Fisher accused some investors of taking a mathematical approach that is too simple when choosing between two stocks. He gave the example of two stocks that are expected to grow at 10% per year. If one of those stocks has a price-earnings ratio of 10 and the other has a price-earnings ratio of 20, then the stock selling at 10 times seems cheaper. But if the cheaper company has lots of leverage (debt), then it may not be cheaper because of interest costs. Further, he expected that any interruption in the expected growth rate would affect the lower price-earnings ratio stock more.

A variation on this problem can occur when investors come to incorrect conclusions because they rely too much on comparisons of price-earnings ratios among stocks that appear to offer similar growth potential. For example, assume there are two stocks with an equal likelihood of doubling their earnings in the next four years. Both sell at 20 times earnings, while equally sound companies with zero growth potential sell at 10 times earnings.

Four years later, assume both high-growth stocks have doubled their earnings, but one is expecting flat earnings over the following four years, while the other is expected to double its earnings again. The financial community will then value the two companies based on their expectations, meaning the company that is expected to double its earnings again will continue to sell at 20 times. But the company expecting flat earnings will begin selling at 10 times, despite having doubled its earnings in the previous years.

Fisher added, “All this can be summarized in a basic investment rule: The further into the future profits will continue to grow, the higher the price-earnings ratio an investor can afford to pay.” But he urged investors to use this rule with caution, that they should never forget that actual variations in the price-earnings ratio will not come from what will happen in reality, but from what the financial community believes will happen.

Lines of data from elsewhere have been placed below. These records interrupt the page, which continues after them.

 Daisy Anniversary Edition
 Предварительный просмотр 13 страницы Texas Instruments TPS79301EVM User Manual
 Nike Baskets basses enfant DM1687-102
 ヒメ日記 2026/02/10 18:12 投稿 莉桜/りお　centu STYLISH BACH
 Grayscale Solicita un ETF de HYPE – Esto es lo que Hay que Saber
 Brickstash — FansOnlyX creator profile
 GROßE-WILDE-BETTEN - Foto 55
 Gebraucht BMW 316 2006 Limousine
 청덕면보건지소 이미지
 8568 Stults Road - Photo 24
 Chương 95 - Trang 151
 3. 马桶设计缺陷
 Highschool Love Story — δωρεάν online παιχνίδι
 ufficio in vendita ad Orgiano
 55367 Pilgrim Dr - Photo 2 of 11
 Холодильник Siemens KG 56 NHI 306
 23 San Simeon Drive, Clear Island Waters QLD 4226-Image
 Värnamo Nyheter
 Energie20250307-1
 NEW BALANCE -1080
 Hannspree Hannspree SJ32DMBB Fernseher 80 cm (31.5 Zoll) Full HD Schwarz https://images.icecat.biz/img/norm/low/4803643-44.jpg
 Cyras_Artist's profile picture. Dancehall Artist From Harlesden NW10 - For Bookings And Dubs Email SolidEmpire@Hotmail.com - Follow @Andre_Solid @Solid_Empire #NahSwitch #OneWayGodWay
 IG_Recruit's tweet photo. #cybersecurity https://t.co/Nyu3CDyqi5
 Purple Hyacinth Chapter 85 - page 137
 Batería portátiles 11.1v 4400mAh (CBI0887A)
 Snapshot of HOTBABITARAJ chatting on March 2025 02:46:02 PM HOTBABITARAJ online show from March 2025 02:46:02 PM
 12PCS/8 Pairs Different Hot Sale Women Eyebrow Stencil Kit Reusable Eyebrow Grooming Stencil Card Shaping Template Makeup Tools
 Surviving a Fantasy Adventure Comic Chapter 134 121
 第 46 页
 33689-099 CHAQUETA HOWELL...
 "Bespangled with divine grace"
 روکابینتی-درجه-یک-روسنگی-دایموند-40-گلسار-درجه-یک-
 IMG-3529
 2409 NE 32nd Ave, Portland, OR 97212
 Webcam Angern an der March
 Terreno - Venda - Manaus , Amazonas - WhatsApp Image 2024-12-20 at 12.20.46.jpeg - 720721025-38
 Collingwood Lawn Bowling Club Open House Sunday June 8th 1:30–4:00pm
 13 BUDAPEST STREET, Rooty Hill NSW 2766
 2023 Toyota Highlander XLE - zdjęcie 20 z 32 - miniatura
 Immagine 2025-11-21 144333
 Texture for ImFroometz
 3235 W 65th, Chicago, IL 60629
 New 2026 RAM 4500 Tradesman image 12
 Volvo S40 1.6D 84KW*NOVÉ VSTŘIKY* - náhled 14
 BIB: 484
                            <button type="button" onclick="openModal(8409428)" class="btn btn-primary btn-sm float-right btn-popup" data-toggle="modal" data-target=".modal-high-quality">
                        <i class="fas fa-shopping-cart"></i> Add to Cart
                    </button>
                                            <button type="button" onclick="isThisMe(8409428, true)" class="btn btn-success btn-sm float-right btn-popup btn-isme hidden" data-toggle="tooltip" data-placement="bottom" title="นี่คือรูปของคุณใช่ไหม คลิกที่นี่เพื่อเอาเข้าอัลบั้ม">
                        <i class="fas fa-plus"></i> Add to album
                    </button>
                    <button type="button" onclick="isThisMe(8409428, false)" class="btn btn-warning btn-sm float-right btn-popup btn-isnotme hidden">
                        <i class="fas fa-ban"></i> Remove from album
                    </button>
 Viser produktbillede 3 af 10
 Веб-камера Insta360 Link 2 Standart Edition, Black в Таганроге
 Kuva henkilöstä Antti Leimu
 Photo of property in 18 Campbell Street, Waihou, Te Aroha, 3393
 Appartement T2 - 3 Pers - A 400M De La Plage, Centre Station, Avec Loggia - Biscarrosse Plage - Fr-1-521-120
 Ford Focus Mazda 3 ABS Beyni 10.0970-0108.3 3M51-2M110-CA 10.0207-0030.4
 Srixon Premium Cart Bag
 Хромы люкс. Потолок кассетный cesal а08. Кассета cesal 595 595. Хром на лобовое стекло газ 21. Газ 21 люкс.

As noted, there is a third type of appraisal in addition to appraisals of industries and of individual stocks. That third type is the financial community’s appraisal of stocks in general. Fisher offers a couple of extreme examples, the first being the euphoric period between 1927 and 1929. At the other end of the spectrum was the financial community’s deep skepticism about stocks between mid-1946 and mid-1949. In the latter period, stocks were selling at low price-earnings ratios despite good earnings because investors believed there must be a post-war depression just around the corner. As we, and Fisher, know in hindsight, both of those outlooks were spectacularly wrong.

When considering the financial community’s outlook for stocks in general, there is a real-world financial factor in play: interest rates. When interest rates are high, investment capital tends to flow to long- or short-term money markets, resulting in less demand and lower prices for stocks. The opposite occurs when interest rates are low.

There is also an effect from the public’s bias toward saving or spending. When the public is inclined to save a higher percentage of its income, the capital pool grows more quickly and creates greater demand for stocks. Fisher observed this aspect has less influence than interest rates. He also noted that new stock issues could have an effect as well, but a lesser effect than interest rates and spend/save biases.

In wrapping up the whole of the fourth dimension, he wrote:

“The price of any particular stock at any particular moment is determined by the current financial-community appraisal of the particular company, of the industry it is in, and to some degree of the general level of stock prices. Determining whether at that moment the price of a stock is attractive, unattractive or somewhere in between stock depends for the most part on the degree these appraisals vary from reality. However, to the extent that the general level of stock prices affects the total picture, it also depends somewhat on correctly estimating coming changes in certain purely financial factors, of which interest rates are by far the most important.”